● ASSIGNMENT: This exercise requires an exact copy of each line from the one containing "Chips de Provolone" down to the last line below.

● RECORDS FOR THE TASK:

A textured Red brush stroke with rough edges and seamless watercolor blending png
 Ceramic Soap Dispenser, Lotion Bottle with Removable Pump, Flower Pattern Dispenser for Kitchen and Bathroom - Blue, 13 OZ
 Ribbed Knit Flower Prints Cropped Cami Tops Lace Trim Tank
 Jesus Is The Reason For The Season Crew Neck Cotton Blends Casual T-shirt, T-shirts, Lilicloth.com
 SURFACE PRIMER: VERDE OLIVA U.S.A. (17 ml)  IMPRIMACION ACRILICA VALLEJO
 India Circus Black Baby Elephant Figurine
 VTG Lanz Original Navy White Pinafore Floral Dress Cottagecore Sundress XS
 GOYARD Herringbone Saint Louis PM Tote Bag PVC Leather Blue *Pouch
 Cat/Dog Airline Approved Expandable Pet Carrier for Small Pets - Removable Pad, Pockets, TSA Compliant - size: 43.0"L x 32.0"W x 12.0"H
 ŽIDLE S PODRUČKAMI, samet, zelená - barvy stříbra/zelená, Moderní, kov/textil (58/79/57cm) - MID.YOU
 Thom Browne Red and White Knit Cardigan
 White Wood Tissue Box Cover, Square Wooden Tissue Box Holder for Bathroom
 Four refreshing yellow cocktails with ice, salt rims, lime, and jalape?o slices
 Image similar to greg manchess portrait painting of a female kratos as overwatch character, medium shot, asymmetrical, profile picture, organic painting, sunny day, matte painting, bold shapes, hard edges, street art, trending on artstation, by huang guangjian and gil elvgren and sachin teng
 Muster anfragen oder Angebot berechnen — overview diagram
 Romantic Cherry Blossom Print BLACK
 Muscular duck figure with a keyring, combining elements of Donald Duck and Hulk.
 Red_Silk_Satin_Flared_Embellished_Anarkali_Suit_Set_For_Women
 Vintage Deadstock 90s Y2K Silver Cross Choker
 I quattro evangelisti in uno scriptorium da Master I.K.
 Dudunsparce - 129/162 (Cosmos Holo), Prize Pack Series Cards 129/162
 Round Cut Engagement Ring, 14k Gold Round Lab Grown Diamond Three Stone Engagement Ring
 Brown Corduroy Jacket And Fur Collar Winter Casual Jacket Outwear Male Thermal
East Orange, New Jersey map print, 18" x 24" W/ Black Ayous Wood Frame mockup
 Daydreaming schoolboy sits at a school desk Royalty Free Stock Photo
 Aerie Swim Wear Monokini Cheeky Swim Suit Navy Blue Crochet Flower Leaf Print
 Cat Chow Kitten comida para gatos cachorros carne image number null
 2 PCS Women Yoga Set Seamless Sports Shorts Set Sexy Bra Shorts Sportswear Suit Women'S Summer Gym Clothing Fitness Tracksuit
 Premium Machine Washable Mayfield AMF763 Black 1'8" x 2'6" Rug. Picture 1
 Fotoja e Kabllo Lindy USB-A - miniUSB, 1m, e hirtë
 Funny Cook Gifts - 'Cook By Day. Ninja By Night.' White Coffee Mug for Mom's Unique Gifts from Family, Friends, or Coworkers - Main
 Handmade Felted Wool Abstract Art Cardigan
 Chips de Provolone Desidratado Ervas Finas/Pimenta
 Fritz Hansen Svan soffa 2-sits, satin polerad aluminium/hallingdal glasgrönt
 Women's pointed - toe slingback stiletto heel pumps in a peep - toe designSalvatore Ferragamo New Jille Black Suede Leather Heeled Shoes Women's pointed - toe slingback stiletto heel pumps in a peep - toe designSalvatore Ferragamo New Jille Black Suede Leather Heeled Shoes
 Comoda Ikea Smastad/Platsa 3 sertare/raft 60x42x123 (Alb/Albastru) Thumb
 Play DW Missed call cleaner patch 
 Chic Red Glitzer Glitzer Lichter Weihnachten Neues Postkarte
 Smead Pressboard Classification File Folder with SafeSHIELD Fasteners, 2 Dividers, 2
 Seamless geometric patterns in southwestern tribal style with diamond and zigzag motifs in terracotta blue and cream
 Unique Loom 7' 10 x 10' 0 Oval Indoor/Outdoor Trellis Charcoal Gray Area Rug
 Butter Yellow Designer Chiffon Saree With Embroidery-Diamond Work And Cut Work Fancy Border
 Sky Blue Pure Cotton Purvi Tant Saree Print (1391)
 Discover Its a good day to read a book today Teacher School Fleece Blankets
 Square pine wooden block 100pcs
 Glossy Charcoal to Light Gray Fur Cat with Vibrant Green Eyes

● OUTPUT OF THE EXERCISE:
 Chips de Provolone Desidratado Ervas Finas/Pimenta
 Fritz Hansen Svan soffa 2-sits, satin polerad aluminium/hallingdal glasgrönt
 Women's pointed - toe slingback stiletto heel pumps in a peep - toe designSalvatore Ferragamo New Jille Black Suede Leather Heeled Shoes Women's pointed - toe slingback stiletto heel pumps in a peep - toe designSalvatore Ferragamo New Jille Black Suede Leather Heeled Shoes
 Comoda Ikea Smastad/Platsa 3 sertare/raft 60x42x123 (Alb/Albastru) Thumb
 Play DW Missed call cleaner patch 
 Chic Red Glitzer Glitzer Lichter Weihnachten Neues Postkarte
 Smead Pressboard Classification File Folder with SafeSHIELD Fasteners, 2 Dividers, 2
 Seamless geometric patterns in southwestern tribal style with diamond and zigzag motifs in terracotta blue and cream
 Unique Loom 7' 10 x 10' 0 Oval Indoor/Outdoor Trellis Charcoal Gray Area Rug
 Butter Yellow Designer Chiffon Saree With Embroidery-Diamond Work And Cut Work Fancy Border
 Sky Blue Pure Cotton Purvi Tant Saree Print (1391)
 Discover Its a good day to read a book today Teacher School Fleece Blankets
 Square pine wooden block 100pcs
 Glossy Charcoal to Light Gray Fur Cat with Vibrant Green Eyes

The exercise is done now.